En pratique, le fumier est injecté environ deux jours avant la plantation de précision du maïs. Bittman et Hunt ont également constaté qu’une culture de couverture d’ivraie d’Italie semée entre les rangs de maïs quelques semaines après la plantation du maïs réduisait le risque de lessivage de l’azote à l’automne, formait une couverture hivernale protectrice pour le sol et fournissait aux agriculteurs une récolte de haute qualité au début du printemps. Cette culture de couverture améliore également la qualité du lait (plus de matière grasse) et les revenus des agriculteurs!
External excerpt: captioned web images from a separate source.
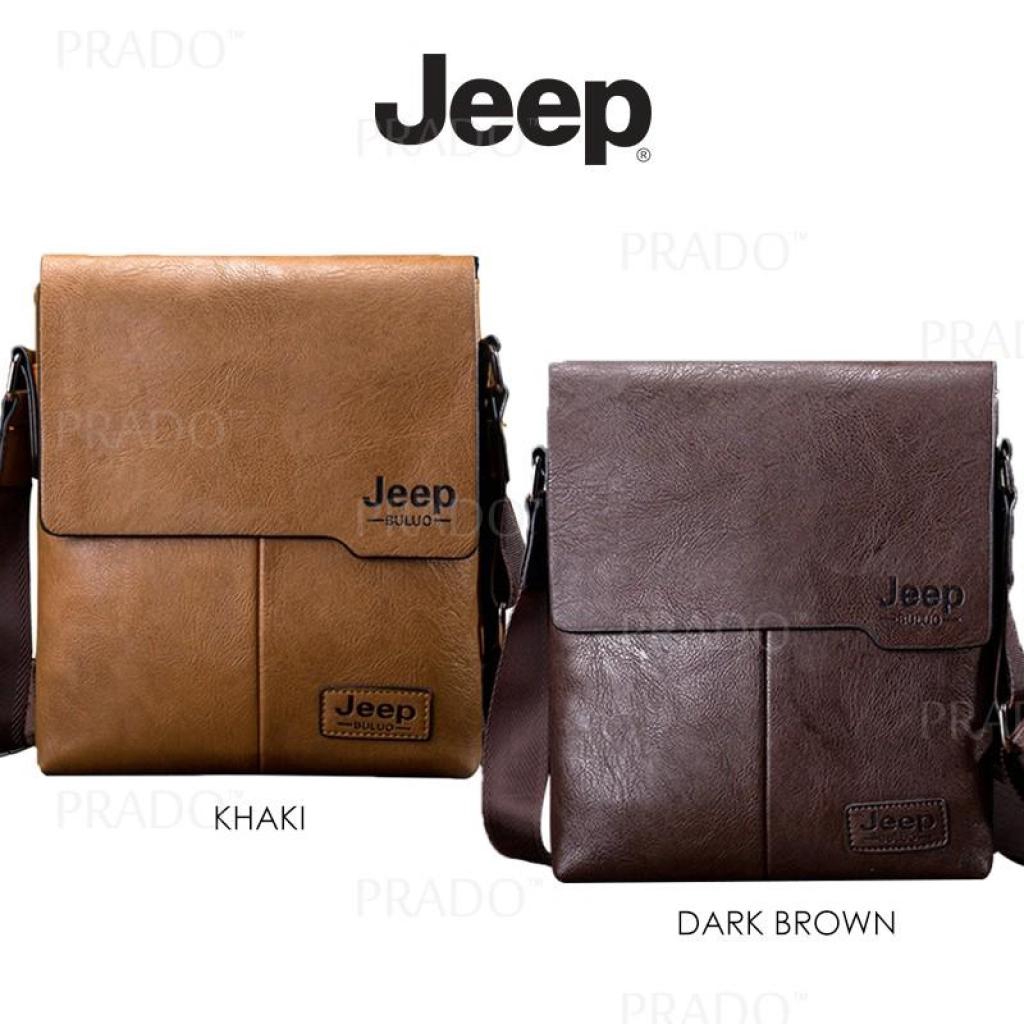 jeep bag malaysia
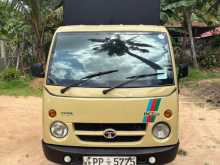 Tata Dimo Batta 2010 Lorry
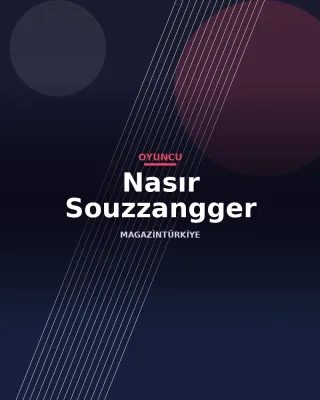 Nasır Souzzangger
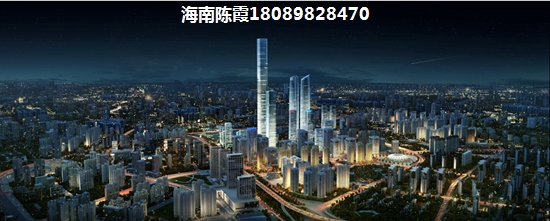 海南西海岸假日花园房子性价比比较高，西海岸假日花园现在有房卖吗？多少一平？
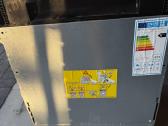 Electrolux Eeg69310l indaplove - nuotraukos Nr. 2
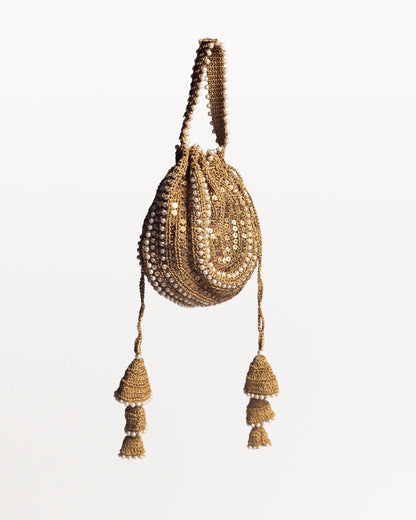 Matka Potli (GPE)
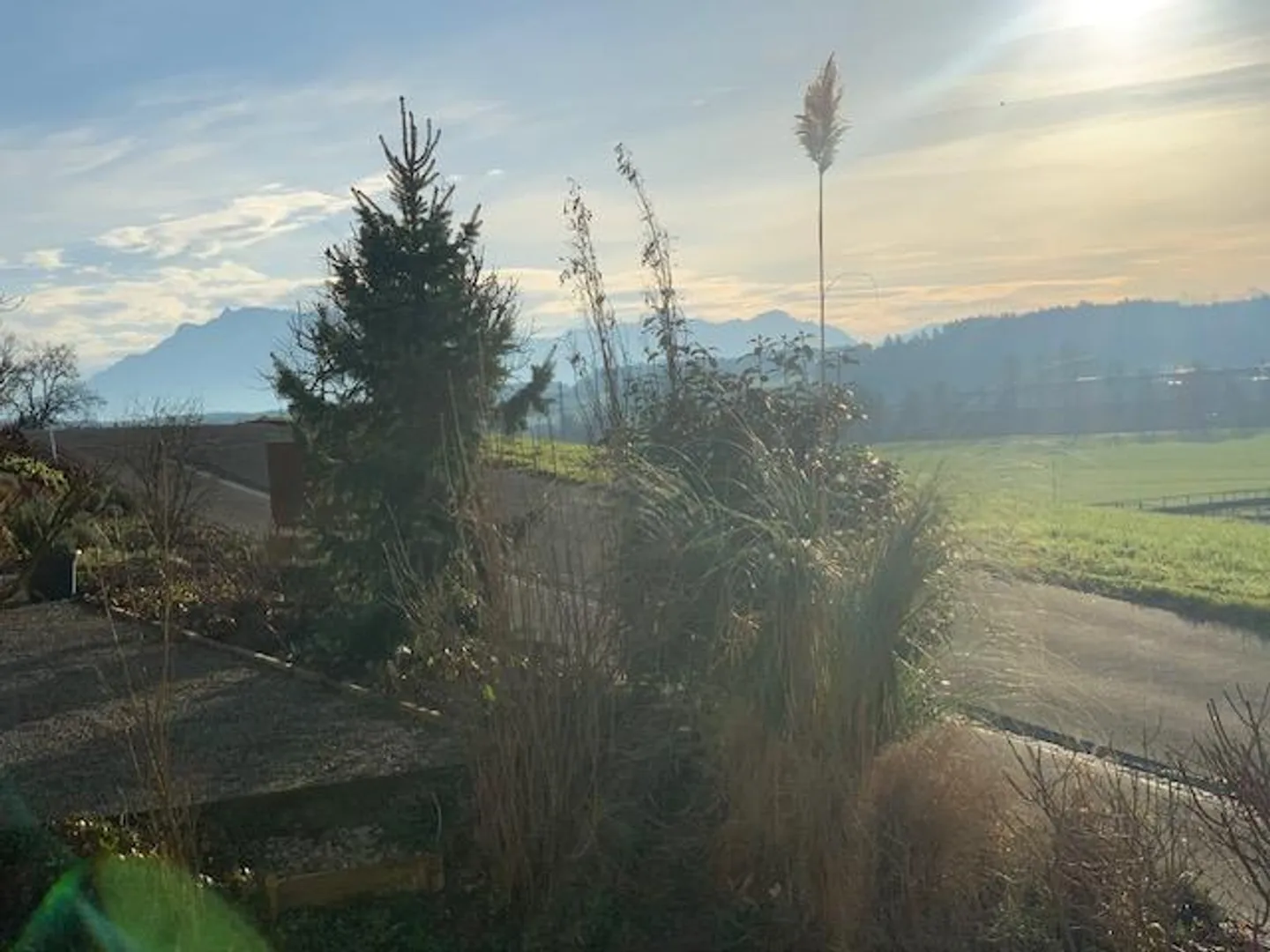 98 m2 - 350m dalla stazione - standard di proprietà moderno - Foto 3 di 11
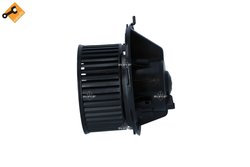 Ventilator habitaclu NRF 34004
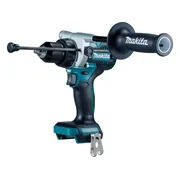 Makita DHP486Z Accu klop-/schroefboormachine 18V Basic Body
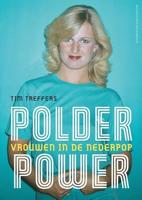 Polderpower - thumbnail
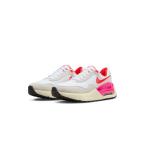 ナイキ NIKE ナイキ ウィメンズ エア マックス SYSTM シューズ カジュアル レディース DZ1637-102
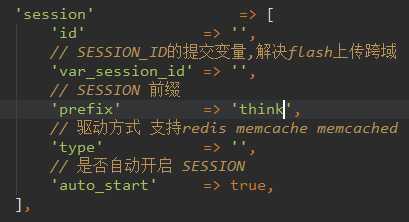 技术分享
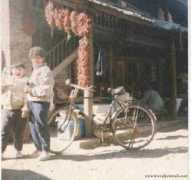 traveljournals.net Lichang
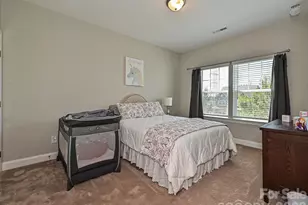 10979 Sparkle Creek Dr, Midland, NC 28107 - Photo 30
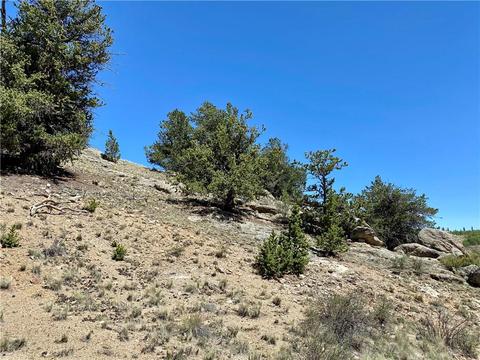 4588 Remington Rd, Como, CO 80432 photo 3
«Les fermes laitières qui disposent de peu de terres, comme celles situées dans les régions périurbaines (zones où l’agriculture se pratique à l’intérieur ou à proximité des centres de population, comme la vallée du Fraser en Colombie-Britannique) peuvent particulièrement bénéficier de ces constatations. En renforçant la gestion des nutriments, ces technologies permettront d’améliorer l’utilisation des terres, de préserver l’approvisionnement alimentaire et de protéger les personnes et l’environnement. Comme ces régions ont tendance à avoir une production intensive et à importer beaucoup de nutriments dans les engrais et les aliments pour animaux importés, il est particulièrement important de limiter les excès», de déclarer le communiqué de AAC.

Principaux avantages

  • En laissant le lisier de vache laitière décanter dans des réservoirs de stockage ou des bassins, on obtient un liquide fin relativement riche en azote disponible et une boue riche en phosphore, en azote organique et en carbone. Ces deux parties peuvent être appliquées sur les cultures où elles seront utilisées le plus efficacement.
  • Une meilleure utilisation des nutriments du fumier réduit le besoin d’utiliser des engrais commerciaux, ce qui permet de réduire les coûts et d’améliorer l’empreinte environnementale de l’élevage laitier.
  • Le placement précis des éléments nutritifs là où ils sont nécessaires permet de limiter davantage la perte d’éléments nutritifs dans le sol.